Beginning with the line that holds "if you are searching" and finishing with the line that holds "Red Hibiscus, Nov", repeat the listing exactly, leaving every picture out.
[Start of section]
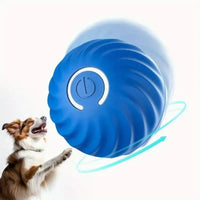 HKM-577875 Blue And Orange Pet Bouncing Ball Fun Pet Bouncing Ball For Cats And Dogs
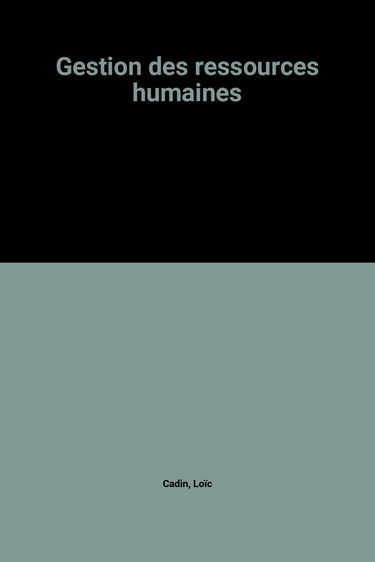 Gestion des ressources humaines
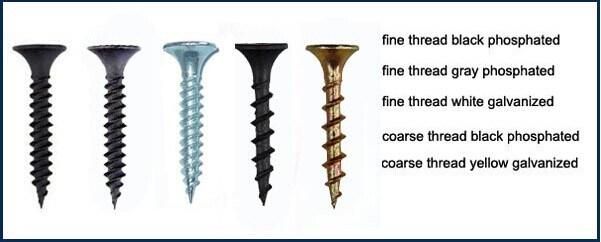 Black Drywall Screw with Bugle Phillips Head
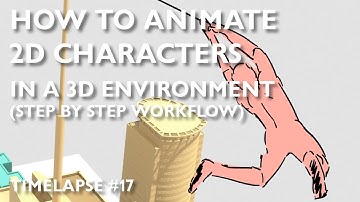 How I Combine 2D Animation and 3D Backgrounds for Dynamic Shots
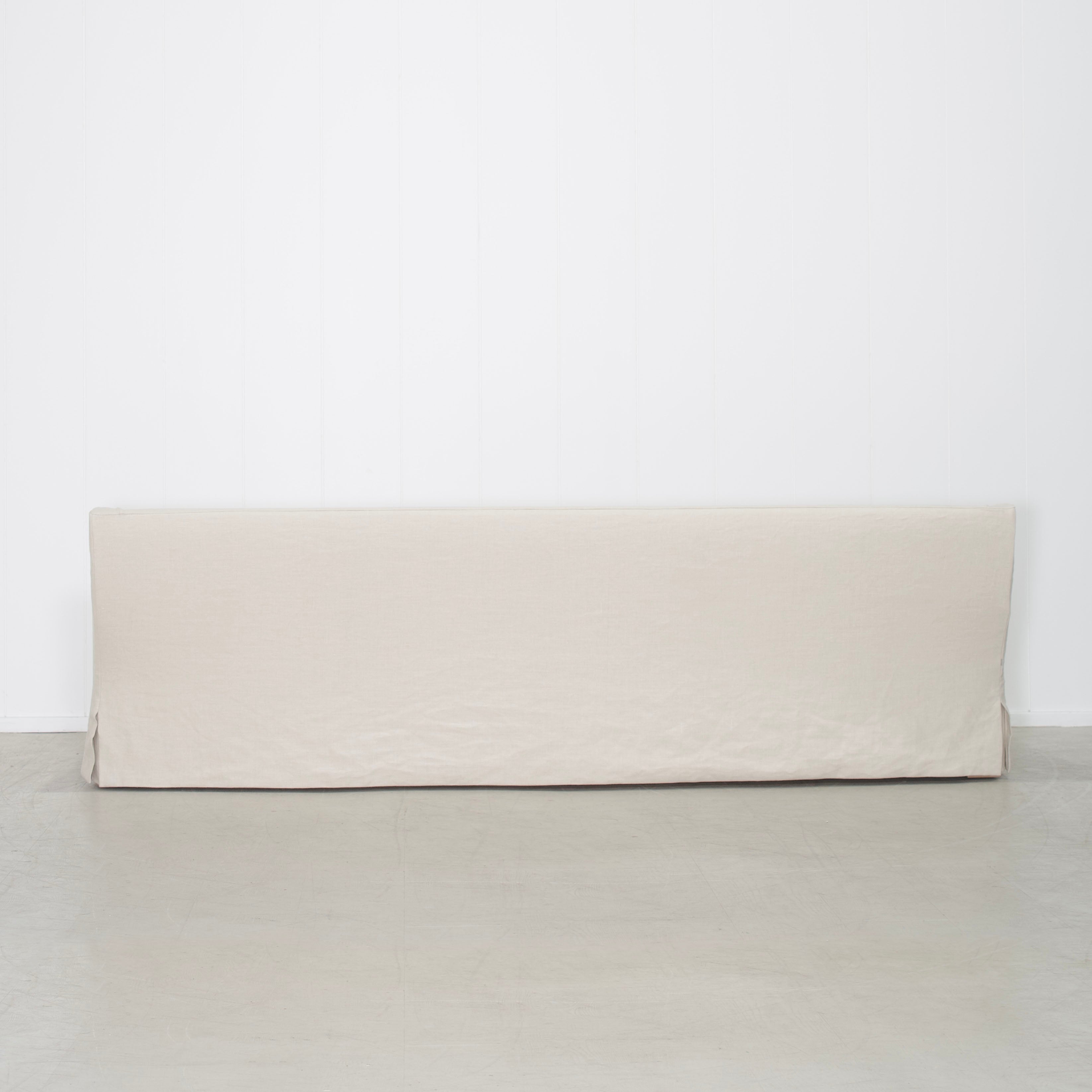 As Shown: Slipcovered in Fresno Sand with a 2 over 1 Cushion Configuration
[End of section]
[Start of section]
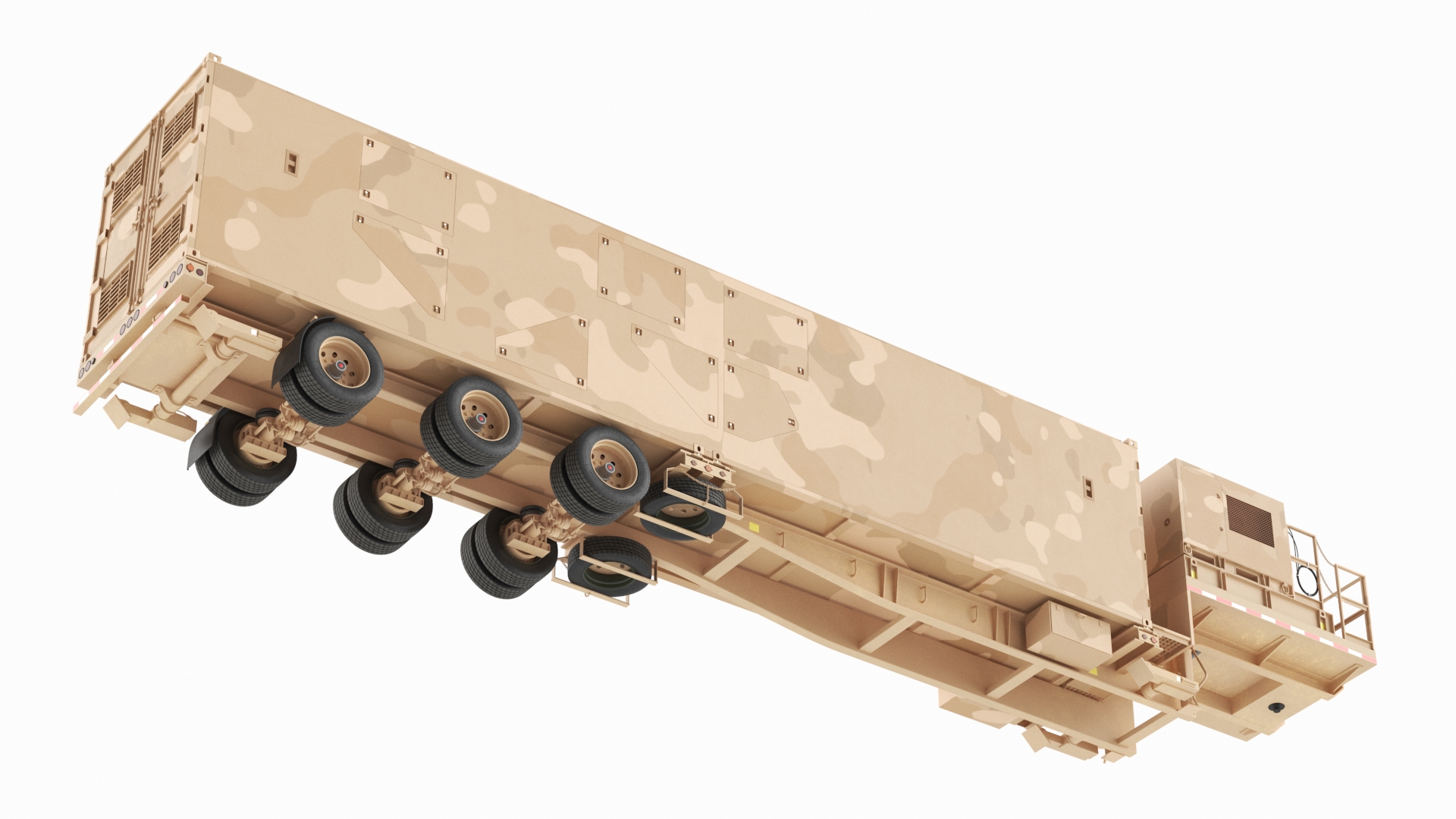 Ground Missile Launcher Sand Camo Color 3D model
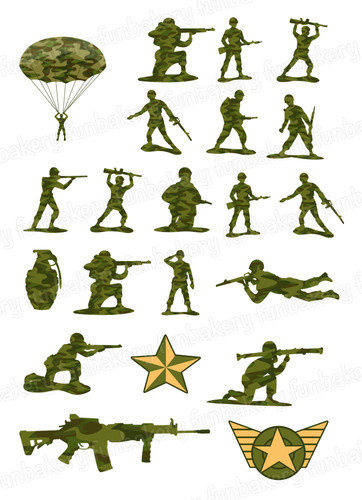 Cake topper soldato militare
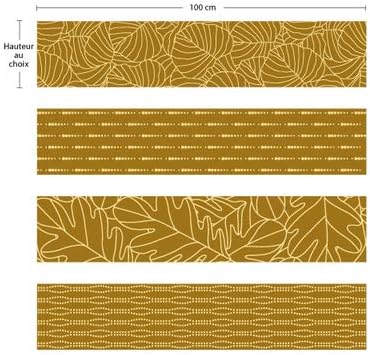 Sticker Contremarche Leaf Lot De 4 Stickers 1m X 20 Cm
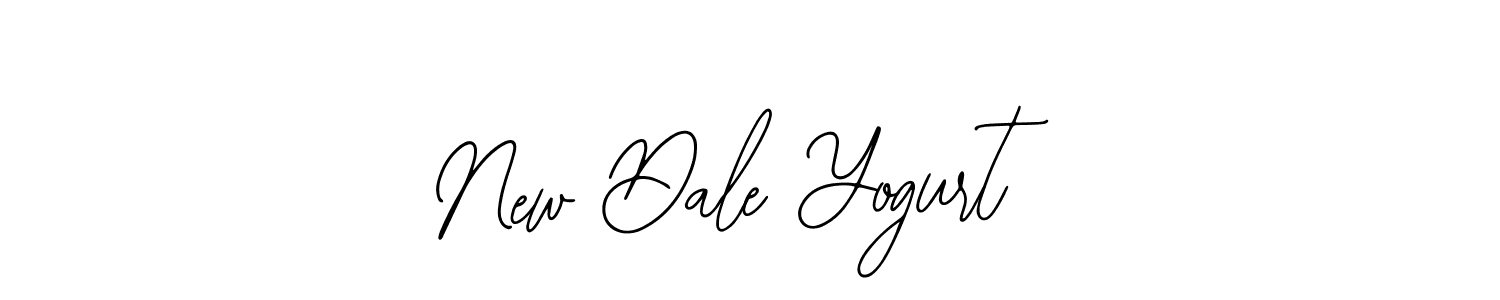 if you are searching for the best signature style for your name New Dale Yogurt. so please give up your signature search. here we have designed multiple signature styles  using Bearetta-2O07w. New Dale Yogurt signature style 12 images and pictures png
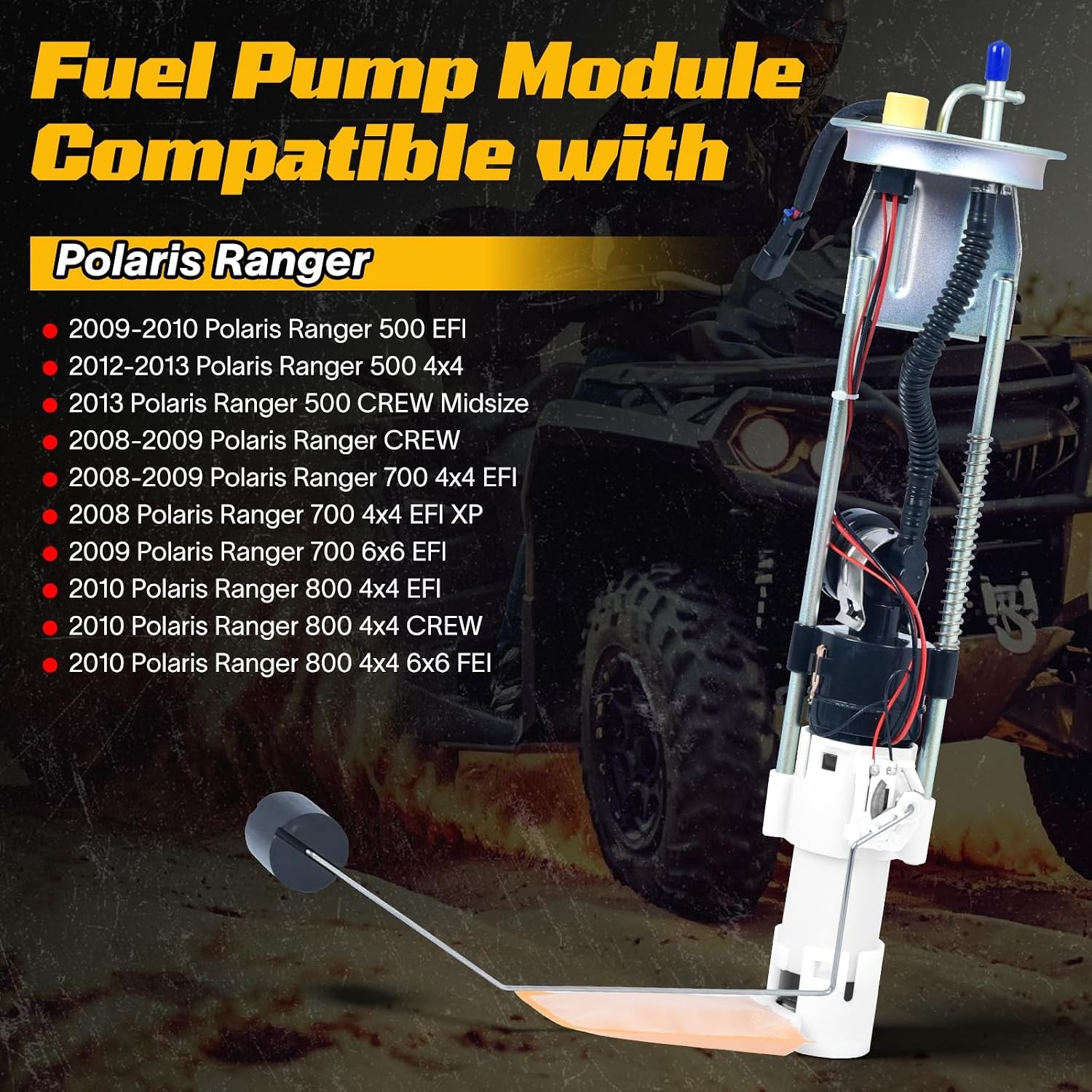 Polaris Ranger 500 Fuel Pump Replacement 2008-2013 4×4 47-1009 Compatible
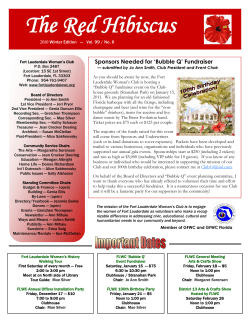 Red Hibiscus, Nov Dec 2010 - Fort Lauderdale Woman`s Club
[End of section]
- **Task response**:
 if you are searching for the best signature style for your name New Dale Yogurt. so please give up your signature search. here we have designed multiple signature styles  using Bearetta-2O07w. New Dale Yogurt signature style 12 images and pictures png
 Polaris Ranger 500 Fuel Pump Replacement 2008-2013 4×4 47-1009 Compatible
 Red Hibiscus, Nov Dec 2010 - Fort Lauderdale Woman`s Club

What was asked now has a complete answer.